## PROBLEM TO SOLVE
Return the records as they stand. No picture is to be included.

## GIVEN DATA
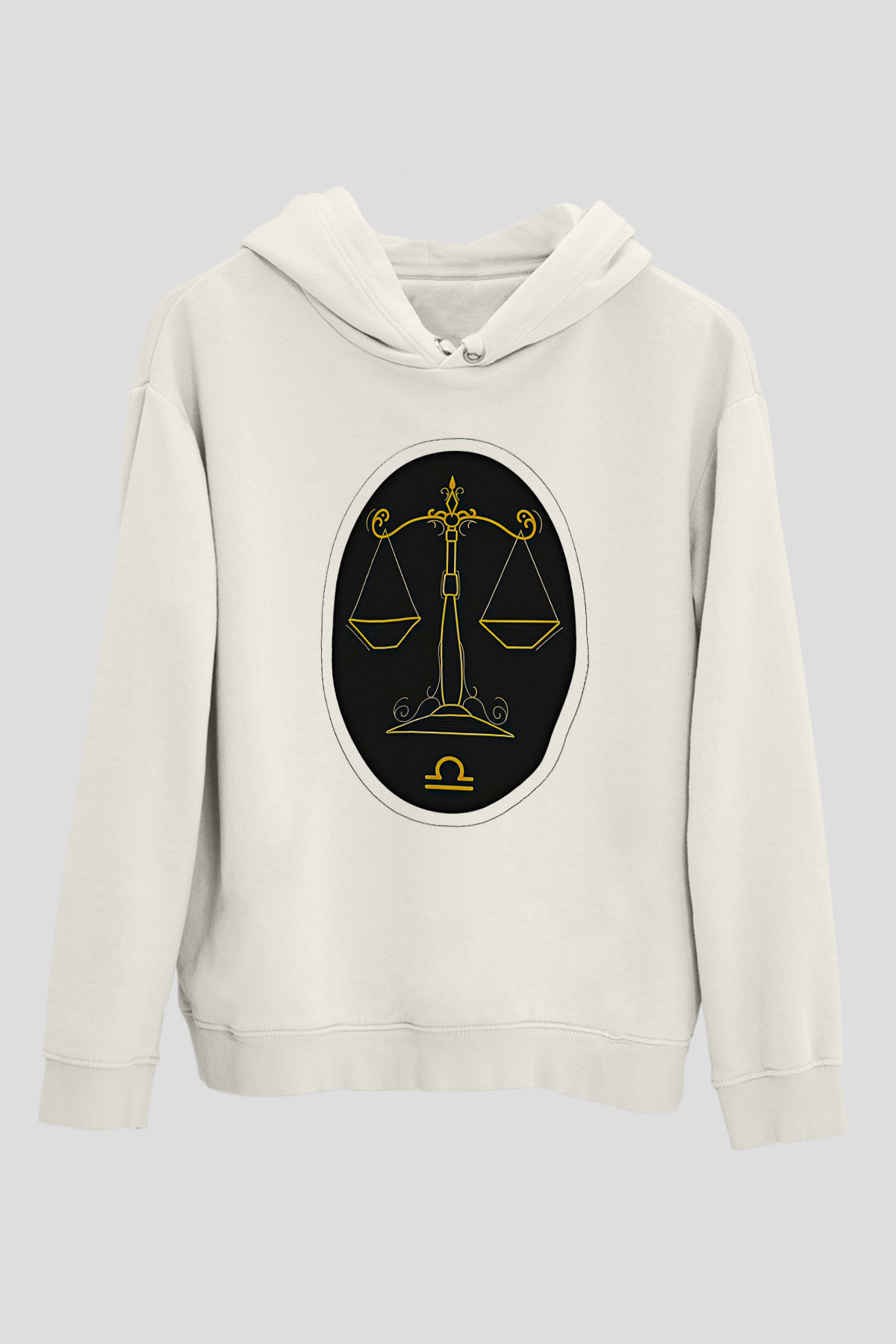 Terazi Burcu Baskılı Beyaz Unisex Hoodie
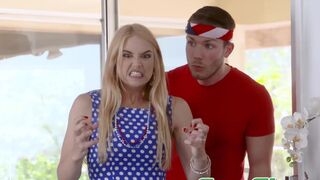 FAMILY STROKES Sexy Sarah Vandella hammered by step sibling in taboo foursome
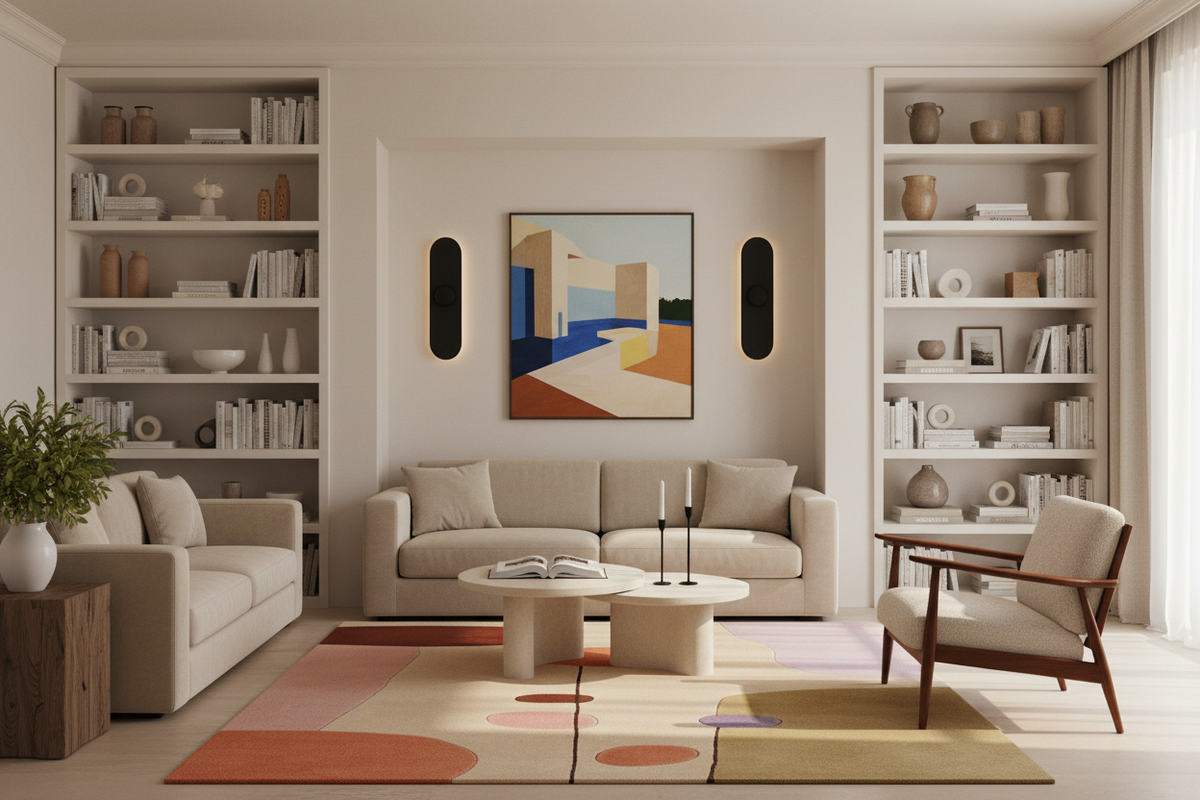 Modern living room with beige sofa, rug, bookshelves, and abstract art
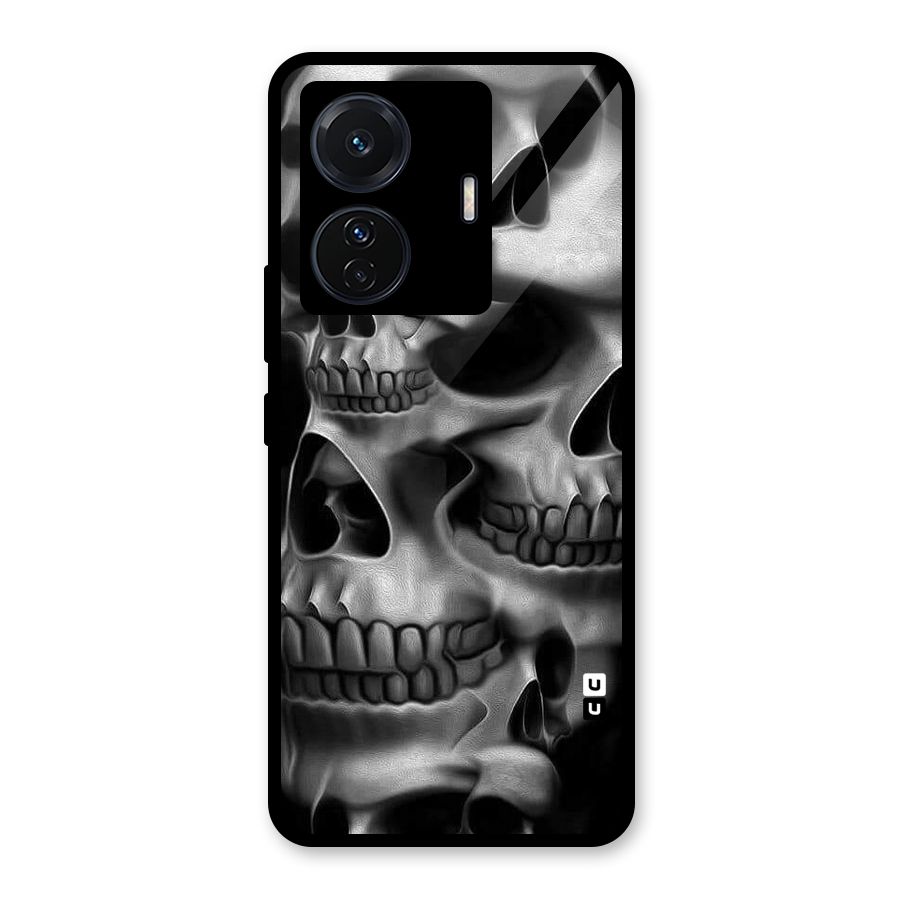 Multiple Skulls Glass Back Case for Vivo T1 Pro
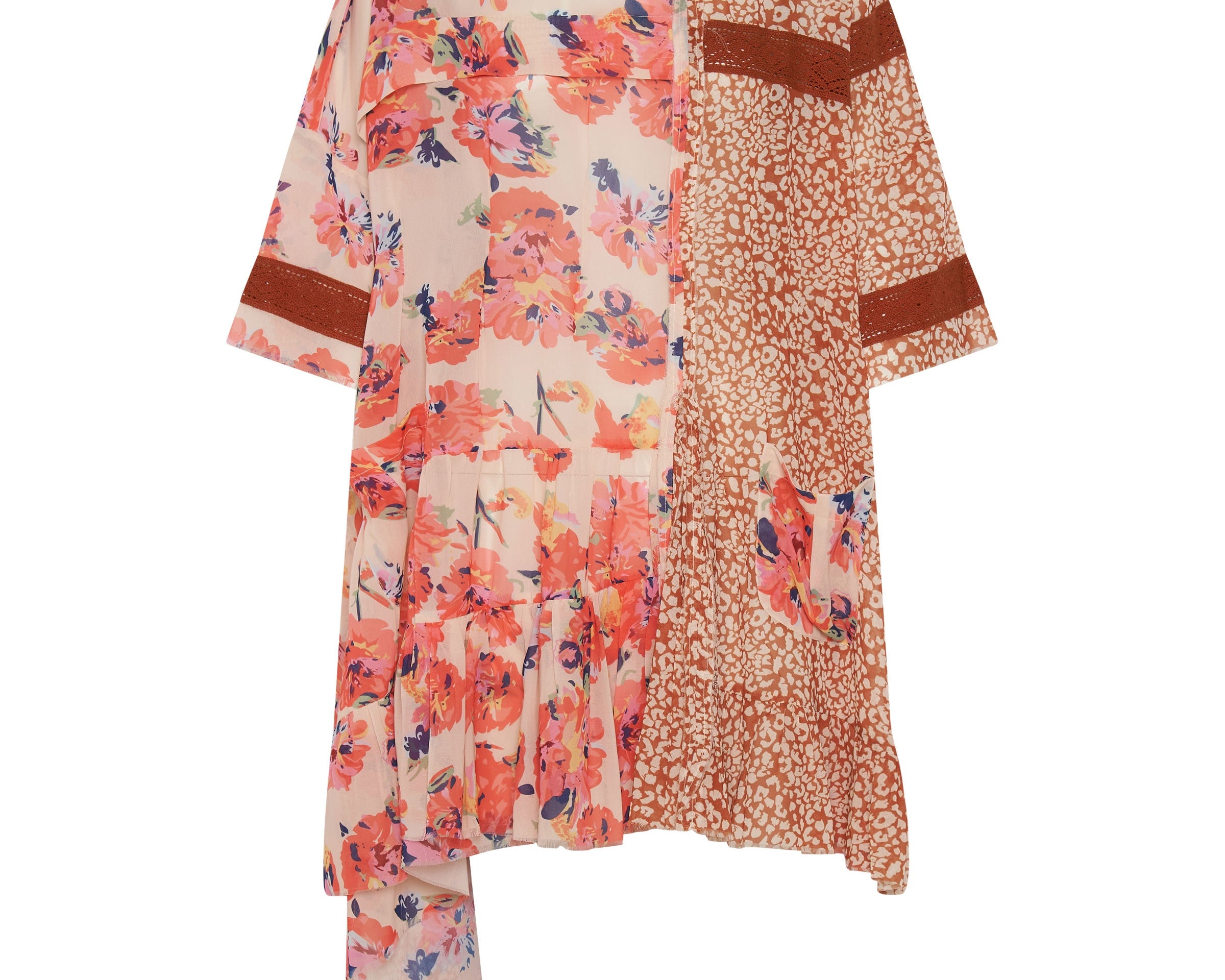 Night Dance Asymmetric Mini Dress - Mystic Flower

## PROBLEM SOLUTION
 Terazi Burcu Baskılı Beyaz Unisex Hoodie
 FAMILY STROKES Sexy Sarah Vandella hammered by step sibling in taboo foursome
 Modern living room with beige sofa, rug, bookshelves, and abstract art
 Multiple Skulls Glass Back Case for Vivo T1 Pro
 Night Dance Asymmetric Mini Dress - Mystic Flower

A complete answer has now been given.